### Task statement
Starting with the line below that holds "Here it is, Amanda" and stopping after the line that holds "Herkese merhabalar arkadaşlar.", transcribe the lines exactly, leaving out all pictures.

----- Data shown

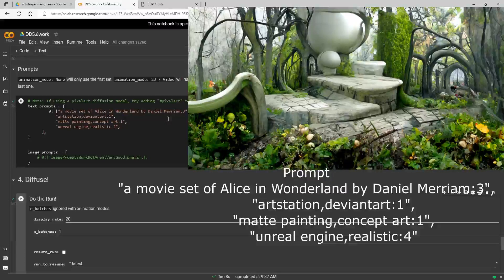This is how I use prompt weights — it's a really great tool to be knowledgeable about with Disco Diffusion so you can really fine-tune all the elements in your image. Thank you for watching, and I'll be back soon with more videos and more quick studies.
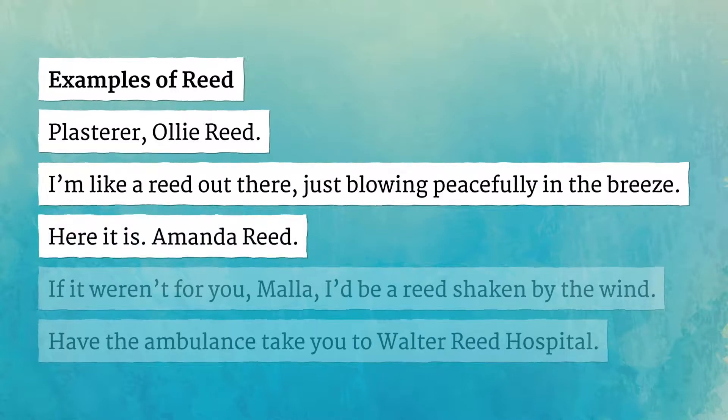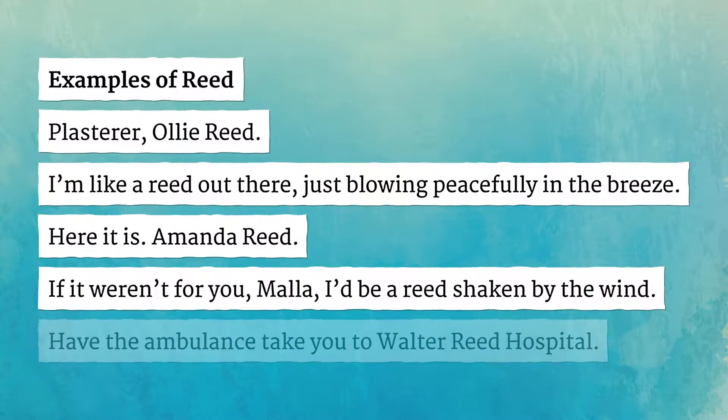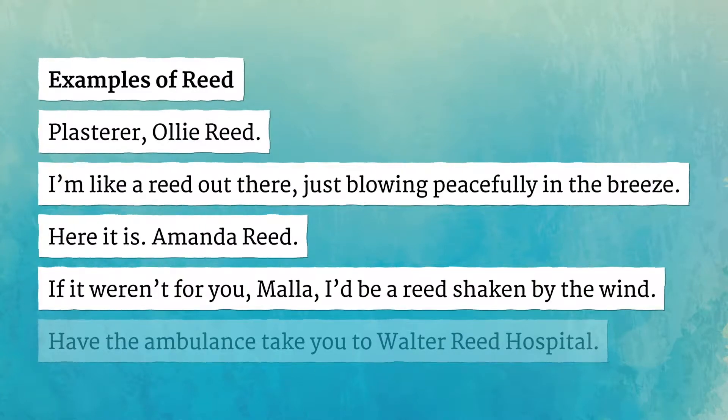Here it is, Amanda Reed. Reed. If it weren't for you, Mala, I'd be a reed shaken by the wind.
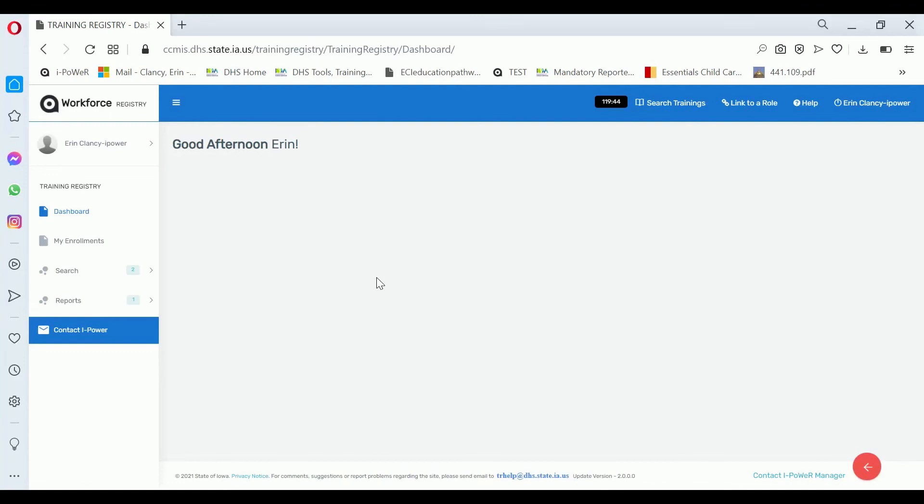If you haven't created a username and password, created a profile, or linked to a role in business, please watch those videos first.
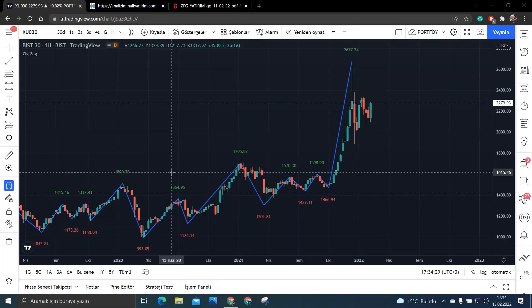Herkese merhabalar arkadaşlar. Umarım sağlığınız, sıhhatiniz yerindedir. Bugün yine bir başka videoda daha karşınızda olacağım.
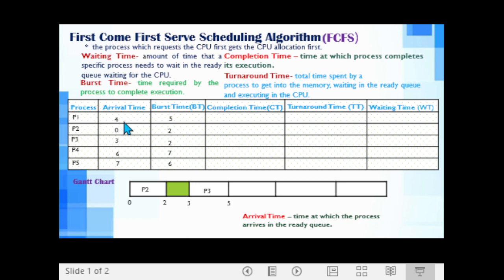We are going to allocate the CPU to P1. In the Gantt chart, we now have P1. The burst time of P1 is 5, so P1 will execute up to 5 units of time. In the Gantt chart, we add 5 to 5, so this now becomes 10.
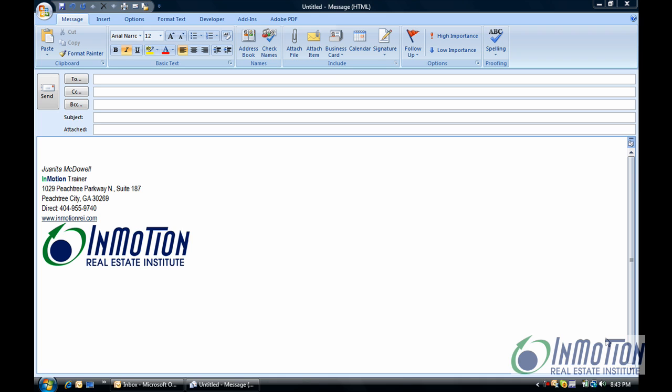We're getting ready for a webinar we're having on Monday, Basic Outlook 2007, Level 1 Essentials, and we're also having a three-hour CE course on Thursday at 10 o'clock and we're excited about that.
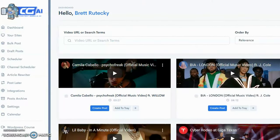Let's go ahead and take a look at the demo. Here I am logged into my Content Gorilla account, and the first thing I want to show you is the menu on the left-hand side. You can see all the options for the software. The important thing to point out is that using Content Gorilla, you can hook up your WordPress blogs, your social media accounts, and your websites to the software.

----------

### Expected output
Here it is, Amanda Reed. Reed. If it weren't for you, Mala, I'd be a reed shaken by the wind.
If you haven't created a username and password, created a profile, or linked to a role in business, please watch those videos first.
Herkese merhabalar arkadaşlar. Umarım sağlığınız, sıhhatiniz yerindedir. Bugün yine bir başka videoda daha karşınızda olacağım.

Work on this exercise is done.